WHAT YOU NEED TO DO
Only one stretch of the listing below is wanted. Begin at the line that has "CR0722 UBERTI CATTLEMAN REVOLVER 32/20 5.5", stop after the line that has "Lamart Lamart Ruber", and repeat every line in between exactly.
------ INFORMATION ------
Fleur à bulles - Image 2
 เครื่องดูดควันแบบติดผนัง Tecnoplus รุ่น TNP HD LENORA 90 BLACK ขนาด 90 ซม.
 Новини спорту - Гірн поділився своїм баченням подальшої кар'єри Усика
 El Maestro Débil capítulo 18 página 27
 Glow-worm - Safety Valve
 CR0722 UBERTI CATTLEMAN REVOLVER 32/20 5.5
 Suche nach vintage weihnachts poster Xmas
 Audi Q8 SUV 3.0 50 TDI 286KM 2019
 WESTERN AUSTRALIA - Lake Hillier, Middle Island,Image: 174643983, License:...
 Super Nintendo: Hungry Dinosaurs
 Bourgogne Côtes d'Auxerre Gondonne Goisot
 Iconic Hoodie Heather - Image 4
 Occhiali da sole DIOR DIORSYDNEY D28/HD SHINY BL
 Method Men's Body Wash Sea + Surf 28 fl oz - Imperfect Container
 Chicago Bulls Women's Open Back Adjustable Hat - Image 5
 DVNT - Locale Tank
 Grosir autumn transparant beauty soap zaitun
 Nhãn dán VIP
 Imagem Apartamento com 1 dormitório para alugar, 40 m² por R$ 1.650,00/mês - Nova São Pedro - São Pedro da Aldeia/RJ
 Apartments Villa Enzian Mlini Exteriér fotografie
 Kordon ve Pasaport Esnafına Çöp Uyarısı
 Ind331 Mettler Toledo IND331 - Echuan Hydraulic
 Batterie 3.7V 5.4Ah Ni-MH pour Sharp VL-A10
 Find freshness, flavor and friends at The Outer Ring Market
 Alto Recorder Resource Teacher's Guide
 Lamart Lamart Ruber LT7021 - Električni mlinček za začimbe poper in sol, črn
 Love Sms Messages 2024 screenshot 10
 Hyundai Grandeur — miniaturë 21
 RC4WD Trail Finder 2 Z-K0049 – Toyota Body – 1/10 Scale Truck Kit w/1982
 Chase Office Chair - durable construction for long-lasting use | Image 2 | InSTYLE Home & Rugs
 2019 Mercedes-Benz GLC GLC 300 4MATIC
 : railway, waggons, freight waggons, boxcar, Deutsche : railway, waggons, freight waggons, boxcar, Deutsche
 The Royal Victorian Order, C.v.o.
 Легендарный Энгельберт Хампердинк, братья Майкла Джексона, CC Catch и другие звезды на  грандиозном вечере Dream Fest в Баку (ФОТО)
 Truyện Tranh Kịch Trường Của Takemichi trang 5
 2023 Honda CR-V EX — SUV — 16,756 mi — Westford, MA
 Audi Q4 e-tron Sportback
------
SOLUTION TO THIS TASK
 CR0722 UBERTI CATTLEMAN REVOLVER 32/20 5.5
 Suche nach vintage weihnachts poster Xmas
 Audi Q8 SUV 3.0 50 TDI 286KM 2019
 WESTERN AUSTRALIA - Lake Hillier, Middle Island,Image: 174643983, License:...
 Super Nintendo: Hungry Dinosaurs
 Bourgogne Côtes d'Auxerre Gondonne Goisot
 Iconic Hoodie Heather - Image 4
 Occhiali da sole DIOR DIORSYDNEY D28/HD SHINY BL
 Method Men's Body Wash Sea + Surf 28 fl oz - Imperfect Container
 Chicago Bulls Women's Open Back Adjustable Hat - Image 5
 DVNT - Locale Tank
 Grosir autumn transparant beauty soap zaitun
 Nhãn dán VIP
 Imagem Apartamento com 1 dormitório para alugar, 40 m² por R$ 1.650,00/mês - Nova São Pedro - São Pedro da Aldeia/RJ
 Apartments Villa Enzian Mlini Exteriér fotografie
 Kordon ve Pasaport Esnafına Çöp Uyarısı
 Ind331 Mettler Toledo IND331 - Echuan Hydraulic
 Batterie 3.7V 5.4Ah Ni-MH pour Sharp VL-A10
 Find freshness, flavor and friends at The Outer Ring Market
 Alto Recorder Resource Teacher's Guide
 Lamart Lamart Ruber LT7021 - Električni mlinček za začimbe poper in sol, črn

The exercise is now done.